I’ve made it to the South of Spain and this time I was - for the first time on my journey faster than expected. The carnival starts in more than two weeks as I figured out on my trip from Fuenterroble to here. Even for the wrong date (14th of February) I got in Fisterra, I was two days too early.

 

So now the big problem: I’m running out of money and the main product of this region seems to be unemployment. This made me think about if I’d like to see the carnival of Cádiz, spending money I could earn by taking away another available job from a very thin market.
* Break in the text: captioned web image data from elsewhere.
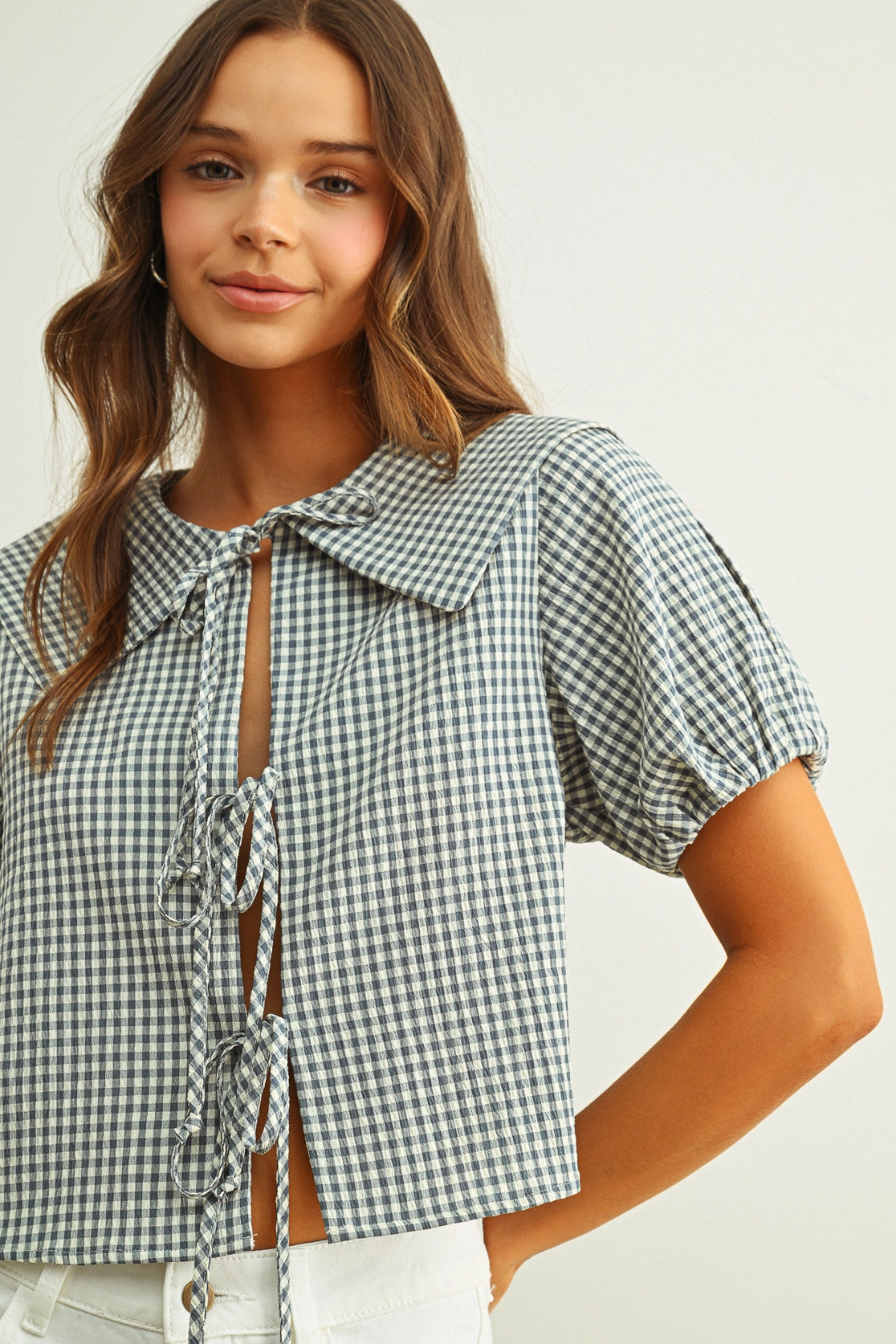 Woman wearing a checkered blouse with a white background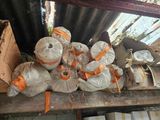 many rolls of paper wrapped in orange ribbons on a wooden table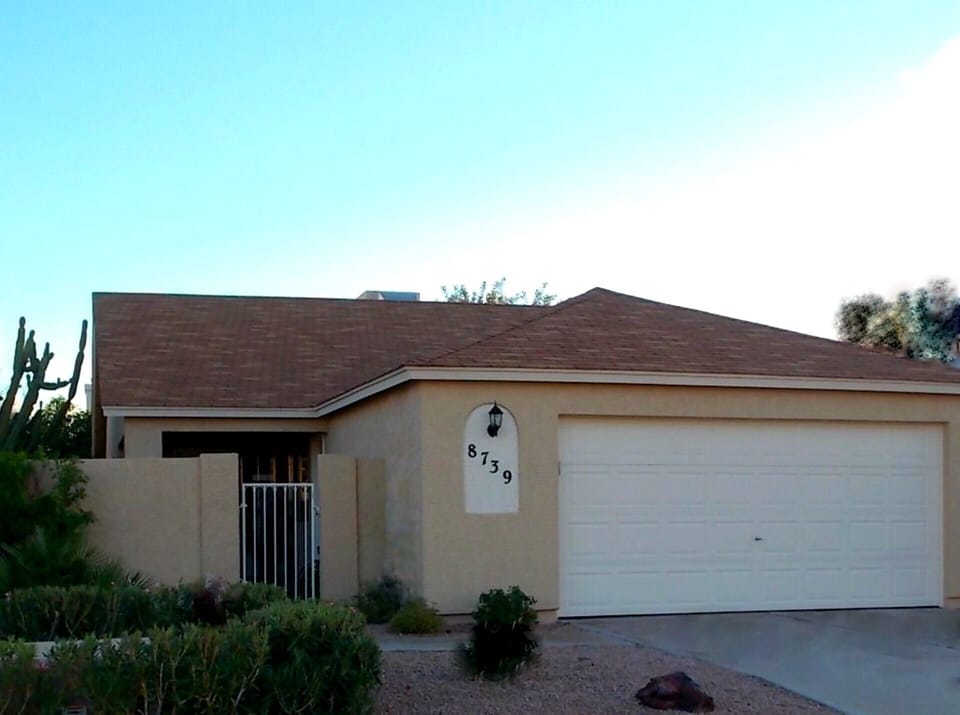 Single Family Home w/ 2 Car Garage and Very Private Fenced Yard.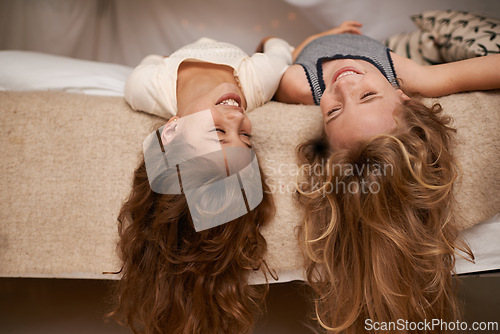 Image of Happy, sleepover and playful children in bedroom for playing, bonding and relaxing in home. Laugh, friends and young girls upside down on bed for childhood, fun and happiness for youth relationship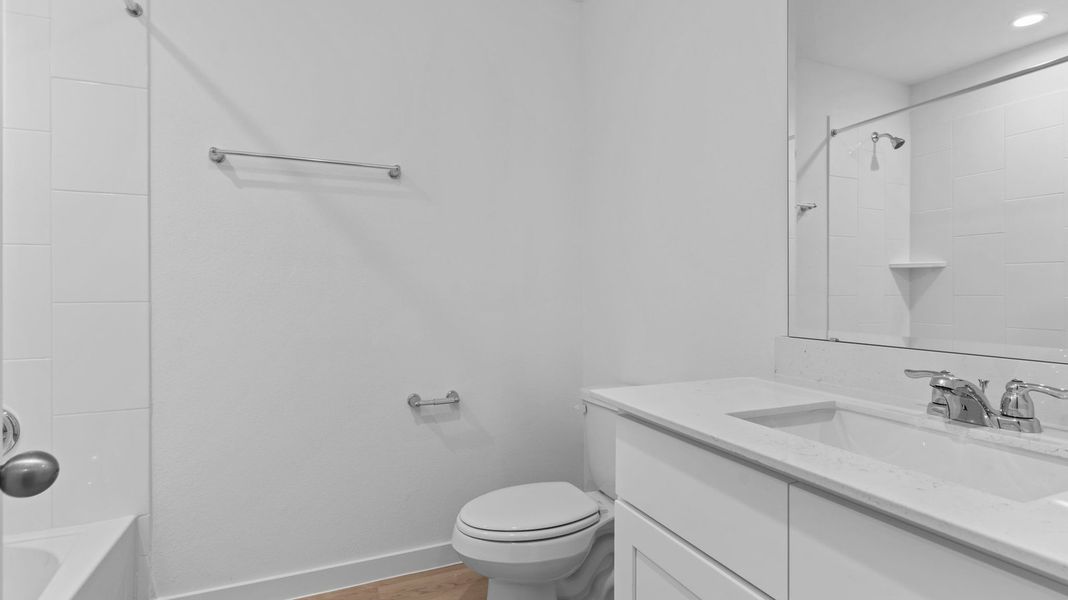 Furnished interior view inside a new home in Caldwell Crossing, Iowa Colony (Image 10).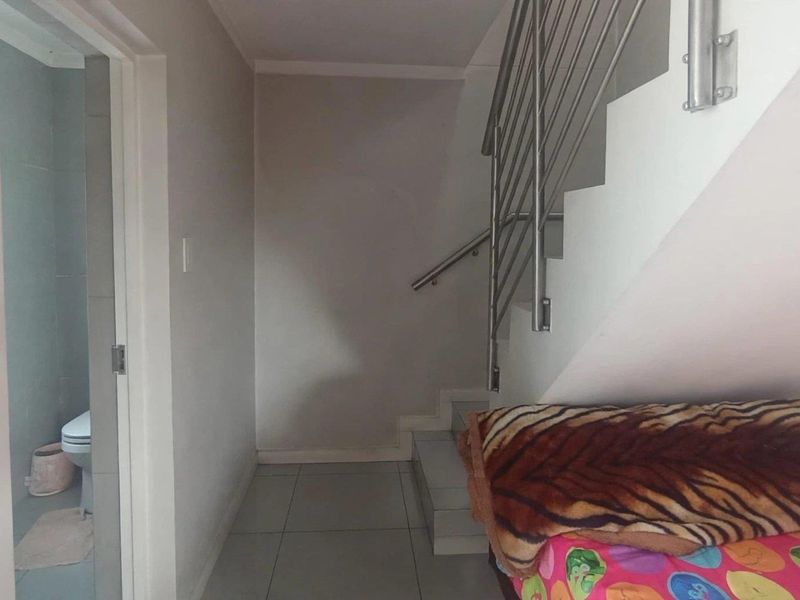 A functional hallway featuring a staircase with a stainless steel balustrade, tiled flooring, and access to an adjacent bathroom.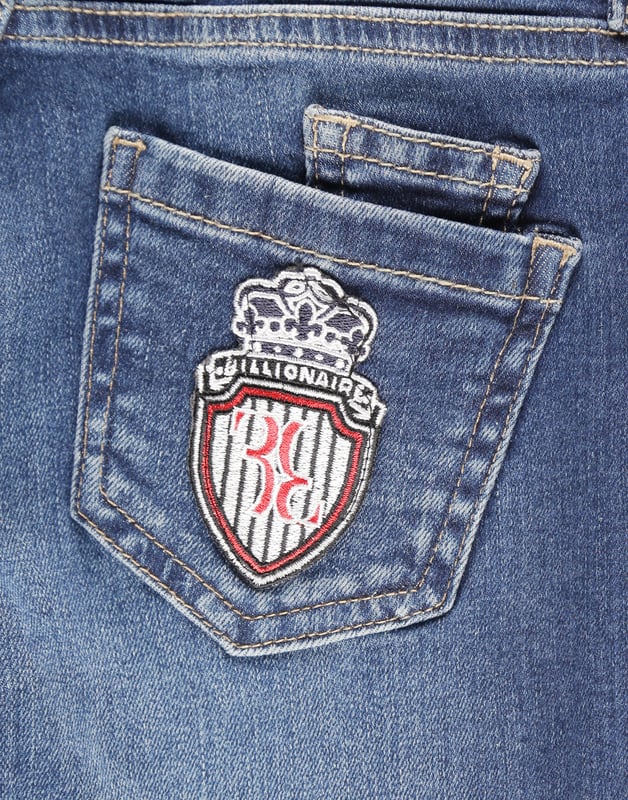 Los clásicos pantalones de denim desgastado de cinco bolsillos son indispensables, incluso en el armario de un niño. Este modelo incluye un botón de metal en la cintura. El bolsillo trasero derecho está adornado con un parche con el icónico emblema de la firma bordado. Corte: Regular.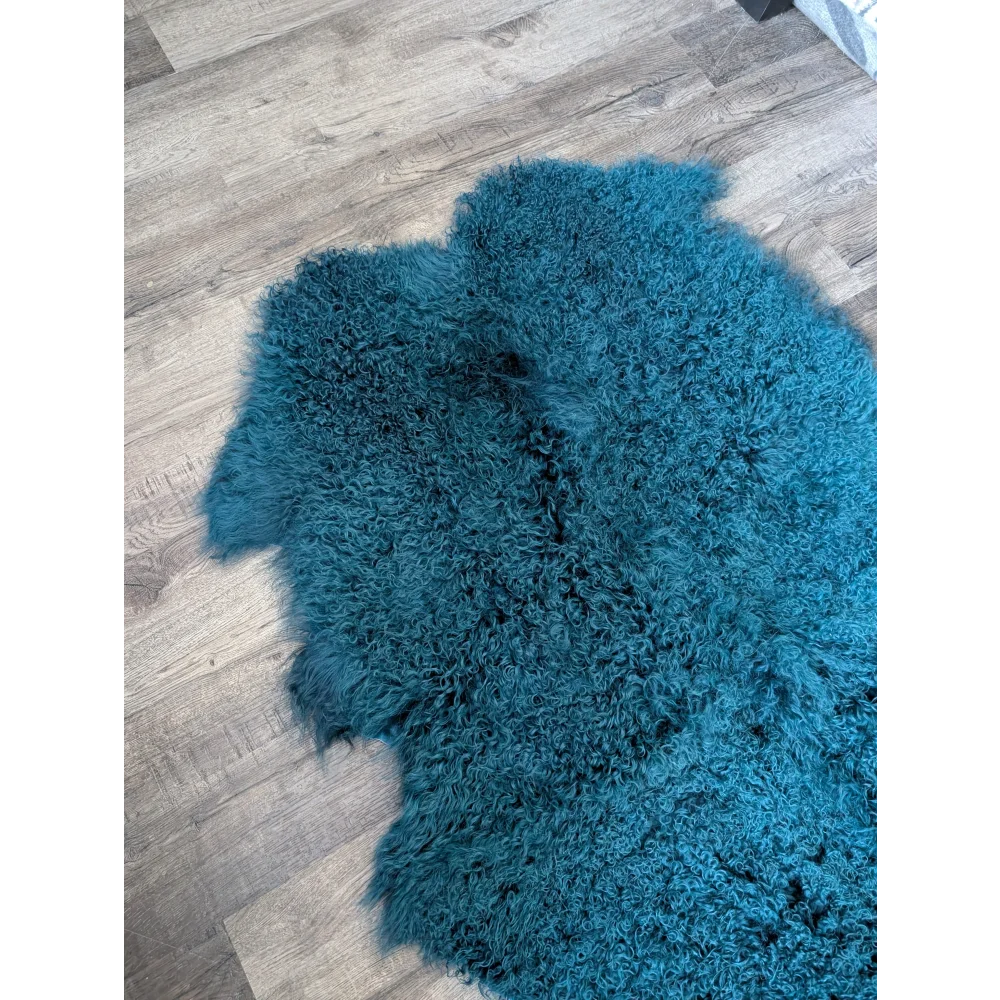 Soft curly dark teal Angus Oliver sheepskin rug on wood floor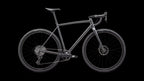 Crux DSW Comp - SRAM Apex XPLR (2025) — Satin Smoke/Oak Green — side view
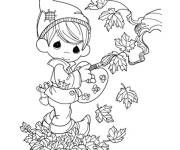 Coloriage Gar&ccedil;on mignon d&eacute;core les feuilles d'automne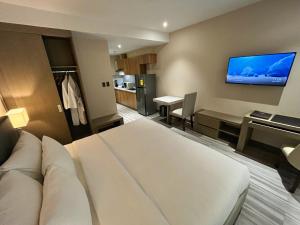 アンヘレスにあるCapitol Hill Hotel and Suitesのベッドと壁にテレビが備わるホテルルームです。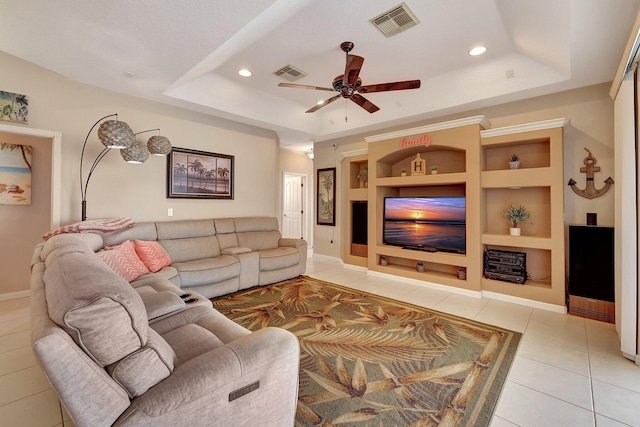 living room featuring ceiling fan, light tile patterned floors, built in shelves, and a tray ceiling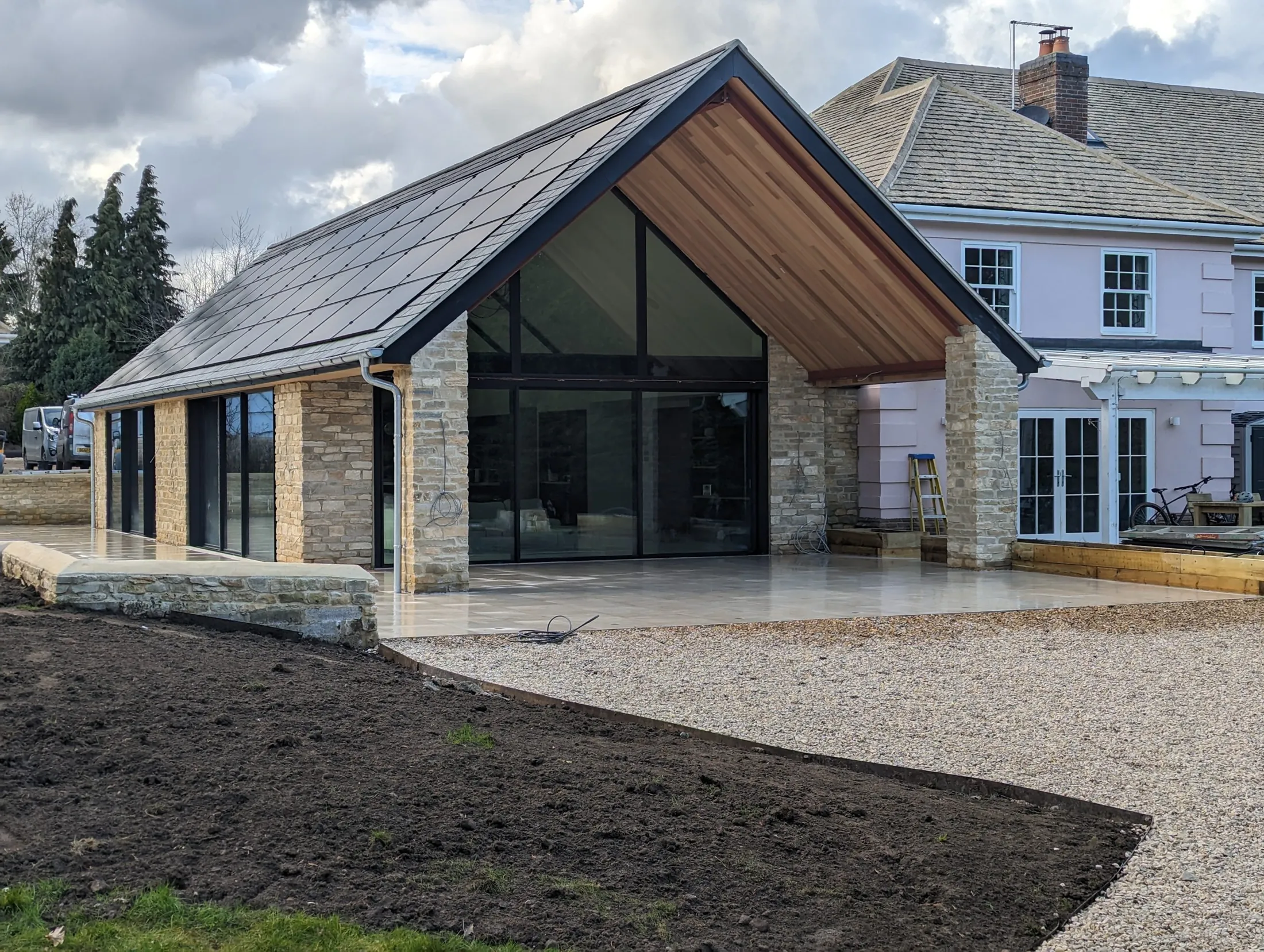 Stone new build with a fully glazed gable end and timber soffit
And I decided that I will continue my journey west to Portugal and maybe see some minor carnival-festivals in the rural border-area of Spain.

 

As I told you before don’t worry when I don’t write that frequently, because usually that means I experience to much interesting people and situations so I can’t find the time to write. And hell yeah there was a lot!

 

I’d like to reduce this article to the passage from Sevilla to Cádiz and then write backwards in time to fill up the gaps.

 

Like with most of the bigger cities I passed on my way, I just rode/walked through Sevilla as fast as possible, though I couldn’t resist to stop and pick some oranges. (I definitely have to meet someone who can train me in this topic, because those I picked are sour as lemons, but probably very healthy)

 

The promenade along the Rio Guadalquivir reminded me very much of the Vltava in Praha the rest of the city looked like all the others: nice and old in the middle but dirty and noisy all around the center. Los Palacios y Villafranca, Las Cabezas de San Juan and even Jerez de la Frontera are more my kind of settlements.

 

The “landscape” in this region, if I can call it like that, is agricultural and provided very less space to camp.

 

North of El Puerto de Santa Maria I found an old monastery-ruin(ed), with a rotten mattress.

 

But that was the last nice thing I saw around here. After I went down the hill to El Puerto, there were only dirty suburbs, pimped-up touristic quarters and ugly harbors to see.

 

And I can tell you, I had to see them all, because with a bike you can approach Cádiz only from the South. The area around San Fernando, called a natural park, doesn’t really look very natural to me but I’m just a far-traveled landscape-gardener – so what do I know.

 

At least I found two cold showers in the dunes along the road from San Fernando to Cádiz. So after four smelly days I was finally able to clean myself and my clothes before I rested at a parking lot midway between the two cities, where I also met Emanuele, a nice Portuguese guy who reminded me very much of Nickel.

 

So much for now. I hope all is well at home.